(Bloomberg) -- Ukraine reached a preliminary agreement with the International Monetary Fund on a fresh disbursement of aid as part of a broader loan program to the war-battered nation. 

The staff-level agreement, which is subject to approval by the IMF’s board, paves the way for Ukraine to receive some $900 million next month. IMF officials signed off on the accord following talks in Vienna on Tuesday, saying Kyiv had met its performance criteria. 

The IMF and Ukraine forged a loan agreement for $15.6 billion over the next four years in late March after the Washington-based lender changed its rules to be able to lend to a nation at war for the first time in its 77-year history. The program aimed to support Ukraine’s economy and preserve its institutions amid the devastation of Russian invasion. 

“The Ukraine economy is showing remarkable resilience and recent economic developments point to a gradual economic recovery in 2023, although the outlook remains highly uncertain as exceptionally high war-related uncertainty persists,” the IMF said in a statement.

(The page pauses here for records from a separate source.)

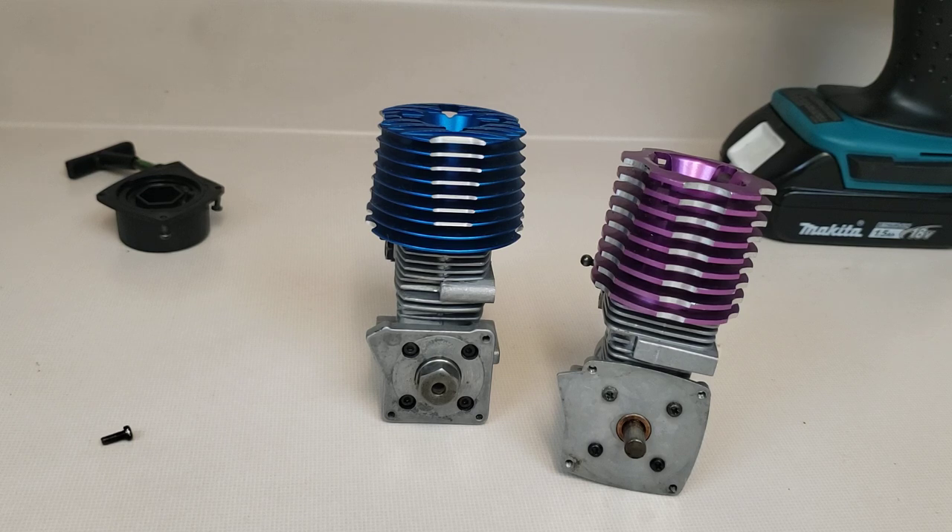What I like about pull starters is you can feel what's going on — you can tell if it's flooded. With a drill it just keeps forcing it to turn over. If it's flooded, stop, clear the flood, take the glow plug out. Spraying WD-40 inside your engine does not clear a flood — it makes it worse. As for my own pull starter that you saw me rewind on video, I was yanking a bit too hard, pulled the knot out — took a couple of minutes to fix, no big deal.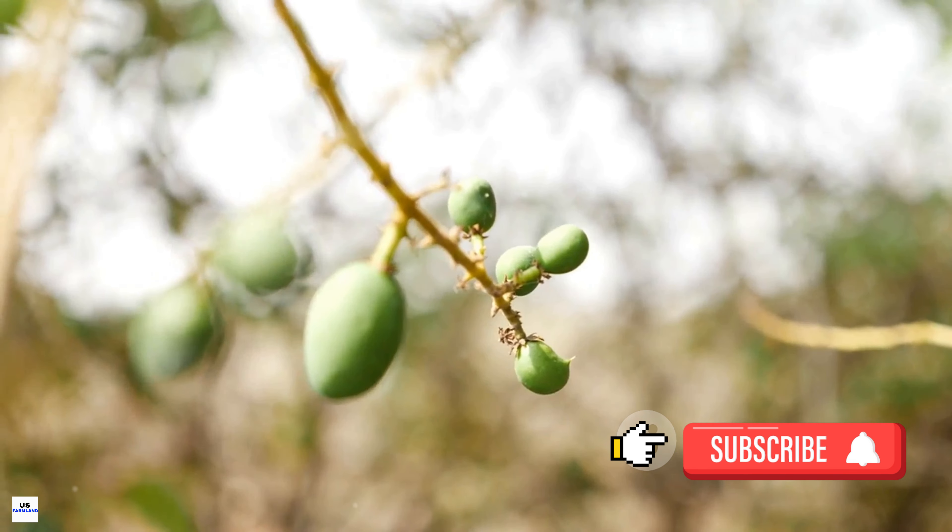Once harvested, the mangoes are transported to the packing shed, where they are cleaned to remove any dirt or sap that might have been left on the fruit. This is important as sap can cause the skin of the mango to become discolored, affecting its visual appeal. After cleaning, the mangoes are sorted based on size, color, and any visible blemishes. The highest grade fruits are large, vibrant in color, and free from blemishes, commanding the highest prices in the marketplace. Once sorted, the mangoes are packed in boxes with the stem end facing upwards to prevent sap from discoloring the fruit, then stored in a cool environment until ready for transport.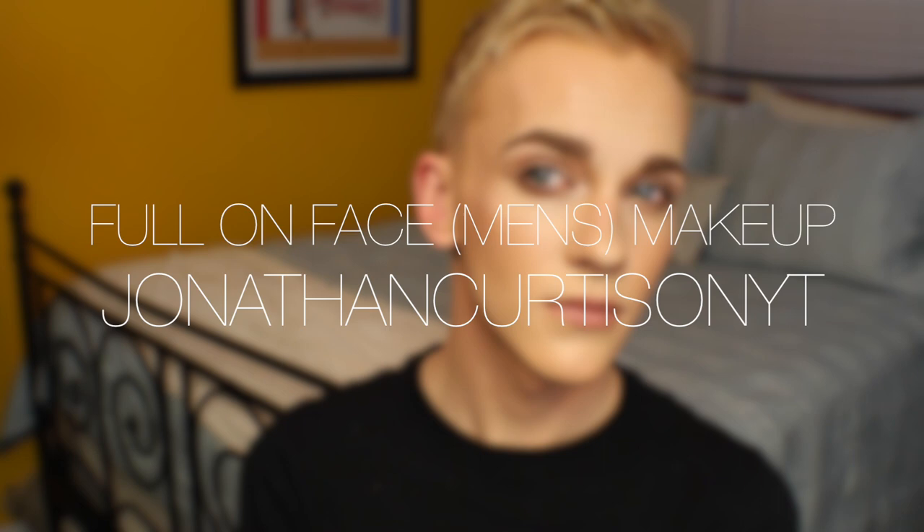Hey YouTube, it's Jonathan and today I'm going for a full-on face of makeup. I haven't really ever done a full-on makeup tutorial for you, so I'm gonna go ahead and do that for you now. Normally I stick to pretty light makeup, but every once in a while when I am feeling like it, I will go ahead and do a full-on face of makeup and I really enjoy doing that on occasion.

In exchange for aid, the government in Kyiv committed to a slate of measures including improved tax collection, shielding the central bank’s independence and restoring online declarations for officials and lawmakers as a part of a drive to tackle corruption.

“Overall, macroeconomic and financial stability have been maintained, thanks to prudent policymaking as well as continuous and timely external support,” the IMF said, stressing the risk of a ballooning deficit. 

The lender urged Ukraine to focus on revenue collection. Earlier this week, the parliament in Kyiv moved forward legislation that removes tax relief for small-business owners that was introduced after Russia’s invasion began last year, a step that’s a condition for further IMF aid. 

The IMF lauded the “remarkable resilience” Ukraine showed, recovering rapidly from large scale air strikes on the nation’s infrastructure. It upgraded its outlook for the country’s economic growth to between 1% and 3% this year, up from a range that forecast a 3% contraction to 1% growth. 

Kyiv also pledged to move gradually to a more flexible exchange rate, while easing off foreign-currency controls. It will also provide a better assessment of its banks and continue a campaign against graft.